ITテッなライフ

<ITテッなライフ>5.芝居がかる人

2002/11/04 15:26

週刊BCN 2002年11月04日vol.964掲載

 長崎の、とあるクラシックホテルに泊まった。ダイニングルームは天井の高さが7メートルもあり、いきおい解放感のある空間だ。

 待ち望んでいた夕食がやってきた。皺ひとつない純白のシャツに黒の蝶ネクタイの、きちんと整えた身なりの男性がサービスしてくれる。その態度といい、言葉づかいといい、名のあるホテルの由緒正しさを受け継いでいるような素晴らしいスマートな応対である。感動していると、連れが「毎日こんなところで働いていると、芝居がかってくるんですよ。きっと」と言った。なるほどなるほど。

 話はJR渋谷駅のホームにひとっとびする。

 先日、改札をくぐり抜けてホームへ続く階段を昇っていると、ホームから男の人が誰かを怒鳴りつけている大声がきこえてきた。

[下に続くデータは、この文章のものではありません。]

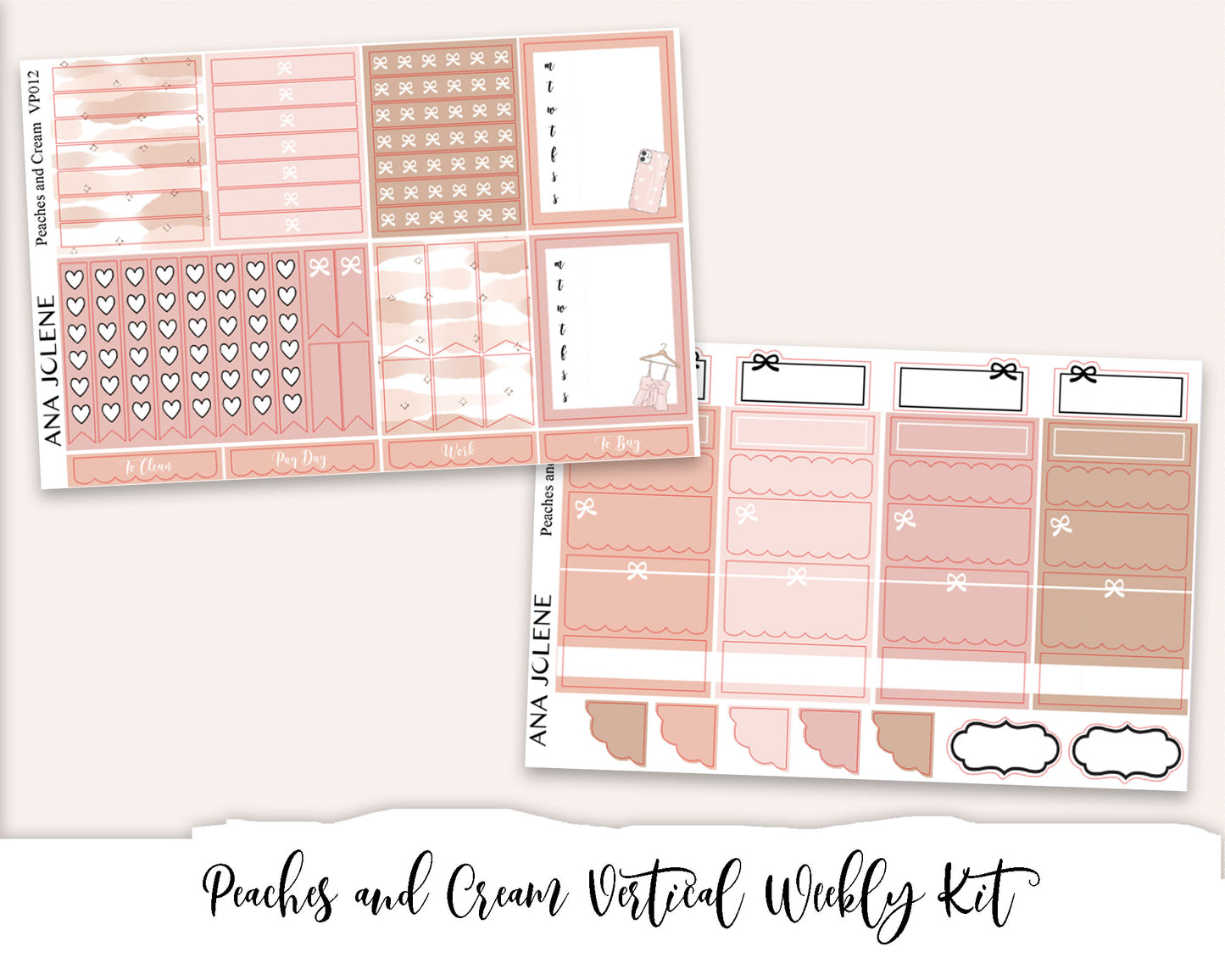 PEACHES AND CREAM Planner Sticker Kit (Vertical Weekly)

「いったいオマエどうなってんだよー」、「この仕事の責任は誰がとるつもりなんだよー」

 おいおい、なんだなんだ。野次馬根性が少し頭をもたげて、昇る足を急がせる。

 声の主は30代半ばのサラリーマンとおぼしき黒いスーツ姿の男性だった。大勢の人々が通る場所であることを怒り心頭のあまり忘れてしまったのだろうか、幅の広くないホームの真ん中にしゃがみこみ、携帯電話の相手に激しい言葉を浴びせているではないか。おやおや。まあ。行き交う人もおののいている。

 途端、この人も芝居がかっていると思った。大勢の人が通るホームを舞台に、誰よりも優位に立つオレ、を演じているようである。

 あのケイタイが演出に一役かっているんだよなあ。そう思ってくだんの男性を見ていたら、電車がやってきた。そそくさと乗り込む。やわらかな温気が身体中にまとわりついて、不思議な安息感につつまれる。ホッ。しゅううとドアが閉まり、がたんたたんと電車は走り出した。男性がだんだん小さくなっていく。あれから彼はホームにしゃがみこんだまま続けていたのでしょうかね。「いったいオマエどうなってんだよー」などと。